I just wrote a simple piece of code to perf test Redis + gevent to see how async helps perforamance and I was surprised to find bad performance. here is my code. If you get rid of the first two lines to monkey patch this code then you will see the "normal execution" timing.
On a Ubuntu 12.04 LTS VM, I am seeing a timing of
without monkey patch - 54 secs With monkey patch - 61 seconds
Is there something wrong with my code / approach? Is there a perf issue here?
#!/usr/bin/python
from gevent import monkey
monkey.patch_all()
import timeit
import redis
from redis.connection import UnixDomainSocketConnection
def UxDomainSocket():
pool = redis.ConnectionPool(connection_class=UnixDomainSocketConnection, path = '/var/redis/redis.sock')
r = redis.Redis(connection_pool = pool)
r.set("testsocket", 1)
for i in range(100):
r.incr('testsocket', 10)
r.get('testsocket')
r.delete('testsocket')
print timeit.Timer(stmt='UxDomainSocket()',
setup='from __main__ import UxDomainSocket').timeit(number=1000)
This is expected.
You run this benchmark on a VM, on which the cost of system calls is higher than on physical hardware. When gevent is activated, it tends to generate more system calls (to handle the epoll device), so you end up with less performance.
You can easily check this point by using strace on the script.
Without gevent, the inner loop generates:
recvfrom(3, ":931\r\n", 4096, 0, NULL, NULL) = 6
sendto(3, "*3\r\n$6\r\nINCRBY\r\n$10\r\ntestsocket\r"..., 41, 0, NULL, 0) = 41
recvfrom(3, ":941\r\n", 4096, 0, NULL, NULL) = 6
sendto(3, "*3\r\n$6\r\nINCRBY\r\n$10\r\ntestsocket\r"..., 41, 0, NULL, 0) = 41
With gevent, you will have occurences of:
recvfrom(3, ":221\r\n", 4096, 0, NULL, NULL) = 6
sendto(3, "*3\r\n$6\r\nINCRBY\r\n$10\r\ntestsocket\r"..., 41, 0, NULL, 0) = 41
recvfrom(3, 0x7b0f04, 4096, 0, 0, 0) = -1 EAGAIN (Resource temporarily unavailable)
epoll_ctl(5, EPOLL_CTL_ADD, 3, {EPOLLIN, {u32=3, u64=3}}) = 0
epoll_wait(5, {{EPOLLIN, {u32=3, u64=3}}}, 32, 4294967295) = 1
clock_gettime(CLOCK_MONOTONIC, {2469, 779710323}) = 0
epoll_ctl(5, EPOLL_CTL_DEL, 3, {EPOLLIN, {u32=3, u64=3}}) = 0
recvfrom(3, ":231\r\n", 4096, 0, NULL, NULL) = 6
sendto(3, "*3\r\n$6\r\nINCRBY\r\n$10\r\ntestsocket\r"..., 41, 0, NULL, 0) = 41
When the recvfrom call is blocking (EAGAIN), gevent goes back to the event loop, so additional calls are done to wait for file descriptors events (epoll_wait).
Please note this kind of benchmark is a worst case for any event loop system, because you only have one file descriptor, so the wait operations cannot be factorized on several descriptors.
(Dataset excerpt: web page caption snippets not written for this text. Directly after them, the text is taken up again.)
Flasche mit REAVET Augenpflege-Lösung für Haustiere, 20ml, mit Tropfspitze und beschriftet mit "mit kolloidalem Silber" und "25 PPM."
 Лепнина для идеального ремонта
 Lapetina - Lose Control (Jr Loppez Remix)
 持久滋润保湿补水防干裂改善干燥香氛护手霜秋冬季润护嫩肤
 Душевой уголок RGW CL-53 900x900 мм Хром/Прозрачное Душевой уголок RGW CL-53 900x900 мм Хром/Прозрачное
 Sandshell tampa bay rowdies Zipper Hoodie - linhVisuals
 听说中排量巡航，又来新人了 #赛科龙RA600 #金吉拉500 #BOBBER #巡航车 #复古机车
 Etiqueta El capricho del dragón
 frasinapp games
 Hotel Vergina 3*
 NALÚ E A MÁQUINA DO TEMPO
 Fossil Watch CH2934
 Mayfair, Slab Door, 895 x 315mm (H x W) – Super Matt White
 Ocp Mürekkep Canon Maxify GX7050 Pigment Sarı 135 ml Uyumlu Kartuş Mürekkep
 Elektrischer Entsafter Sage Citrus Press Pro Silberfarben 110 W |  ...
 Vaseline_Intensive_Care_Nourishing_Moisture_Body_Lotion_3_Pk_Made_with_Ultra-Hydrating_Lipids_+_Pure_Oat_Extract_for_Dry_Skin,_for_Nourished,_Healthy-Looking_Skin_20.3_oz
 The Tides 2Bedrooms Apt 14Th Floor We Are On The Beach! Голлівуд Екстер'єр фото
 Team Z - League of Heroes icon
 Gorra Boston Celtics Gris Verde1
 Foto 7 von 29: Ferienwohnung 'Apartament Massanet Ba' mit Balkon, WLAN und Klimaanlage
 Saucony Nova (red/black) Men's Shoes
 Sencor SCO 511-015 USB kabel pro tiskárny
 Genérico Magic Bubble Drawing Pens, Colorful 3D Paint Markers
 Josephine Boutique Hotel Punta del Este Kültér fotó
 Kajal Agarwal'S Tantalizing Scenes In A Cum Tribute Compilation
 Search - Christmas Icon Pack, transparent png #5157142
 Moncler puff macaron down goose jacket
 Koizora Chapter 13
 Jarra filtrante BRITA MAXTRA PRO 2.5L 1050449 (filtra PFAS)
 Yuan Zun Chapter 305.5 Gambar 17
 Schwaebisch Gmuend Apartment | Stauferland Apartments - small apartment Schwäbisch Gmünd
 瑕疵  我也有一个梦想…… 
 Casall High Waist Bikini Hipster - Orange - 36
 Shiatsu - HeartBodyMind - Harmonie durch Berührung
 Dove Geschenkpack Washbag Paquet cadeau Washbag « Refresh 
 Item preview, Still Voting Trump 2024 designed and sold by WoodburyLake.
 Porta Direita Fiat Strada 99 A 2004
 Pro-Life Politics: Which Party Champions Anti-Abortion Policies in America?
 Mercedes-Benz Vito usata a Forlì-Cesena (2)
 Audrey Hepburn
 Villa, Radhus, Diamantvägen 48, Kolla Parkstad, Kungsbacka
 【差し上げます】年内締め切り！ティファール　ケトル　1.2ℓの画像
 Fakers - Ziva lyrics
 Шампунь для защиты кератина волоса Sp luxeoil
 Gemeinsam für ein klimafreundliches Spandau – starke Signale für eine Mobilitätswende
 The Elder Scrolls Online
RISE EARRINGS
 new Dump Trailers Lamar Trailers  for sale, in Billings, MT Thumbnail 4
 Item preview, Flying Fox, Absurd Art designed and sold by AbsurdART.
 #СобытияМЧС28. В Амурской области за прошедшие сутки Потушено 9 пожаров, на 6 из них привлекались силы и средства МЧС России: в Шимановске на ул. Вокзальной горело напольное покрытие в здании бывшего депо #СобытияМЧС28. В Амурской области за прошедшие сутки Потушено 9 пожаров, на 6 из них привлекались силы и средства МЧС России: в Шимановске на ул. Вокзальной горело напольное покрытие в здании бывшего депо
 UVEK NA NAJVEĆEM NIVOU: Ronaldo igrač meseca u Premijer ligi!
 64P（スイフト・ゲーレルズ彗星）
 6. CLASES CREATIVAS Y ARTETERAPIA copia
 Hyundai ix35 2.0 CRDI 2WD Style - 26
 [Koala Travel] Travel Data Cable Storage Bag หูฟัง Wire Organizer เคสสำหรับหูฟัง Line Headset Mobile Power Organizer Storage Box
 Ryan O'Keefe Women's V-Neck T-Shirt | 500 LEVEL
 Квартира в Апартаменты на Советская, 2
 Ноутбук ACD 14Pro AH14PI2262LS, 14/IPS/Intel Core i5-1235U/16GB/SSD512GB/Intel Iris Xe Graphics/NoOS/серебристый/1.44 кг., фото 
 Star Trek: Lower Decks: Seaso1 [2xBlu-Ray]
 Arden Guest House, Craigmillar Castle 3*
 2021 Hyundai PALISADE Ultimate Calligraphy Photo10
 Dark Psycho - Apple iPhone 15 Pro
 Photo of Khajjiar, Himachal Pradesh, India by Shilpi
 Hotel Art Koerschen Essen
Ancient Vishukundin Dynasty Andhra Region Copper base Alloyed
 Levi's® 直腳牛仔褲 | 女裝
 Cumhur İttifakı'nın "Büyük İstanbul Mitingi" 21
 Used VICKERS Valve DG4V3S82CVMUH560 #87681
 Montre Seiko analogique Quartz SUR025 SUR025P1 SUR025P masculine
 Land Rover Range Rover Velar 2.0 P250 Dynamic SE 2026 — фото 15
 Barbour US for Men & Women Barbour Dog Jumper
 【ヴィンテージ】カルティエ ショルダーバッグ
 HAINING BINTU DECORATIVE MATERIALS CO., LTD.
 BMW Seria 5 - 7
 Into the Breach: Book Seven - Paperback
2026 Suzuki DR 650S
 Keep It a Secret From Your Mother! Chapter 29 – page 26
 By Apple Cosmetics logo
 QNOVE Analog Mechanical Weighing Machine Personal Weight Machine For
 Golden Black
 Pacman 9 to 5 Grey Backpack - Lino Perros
Furthermore, async I/Os cannot improve anything here since everything is synchronous.
It is also a worst case for Redis because:
it generates many roundtrips to the server
it systematically connects/disconnects (1000 times) because the pool is declared in UxDomainSocket function.
Actually your benchmark does not test gevent, redis or redis-py: it exercises the capability of a VM to sustain a ping-pong game between 2 processes.
If you want to increase performance, you need to:
use pipelining to decrease the number of roundtrips
make the pool persistent across the whole benchmark
For instance, consider with the following script:
#!/usr/bin/python
from gevent import monkey
monkey.patch_all()
import timeit
import redis
from redis.connection import UnixDomainSocketConnection
pool = redis.ConnectionPool(connection_class=UnixDomainSocketConnection, path = '/tmp/redis.sock')
def UxDomainSocket():
r = redis.Redis(connection_pool = pool)
p = r.pipeline(transaction=False)
p.set("testsocket", 1)
for i in range(100):
p.incr('testsocket', 10)
p.get('testsocket')
p.delete('testsocket')
p.execute()
print timeit.Timer(stmt='UxDomainSocket()', setup='from __main__ import UxDomainSocket').timeit(number=1000)
With this script, I get about 3x better performance and almost no overhead with gevent.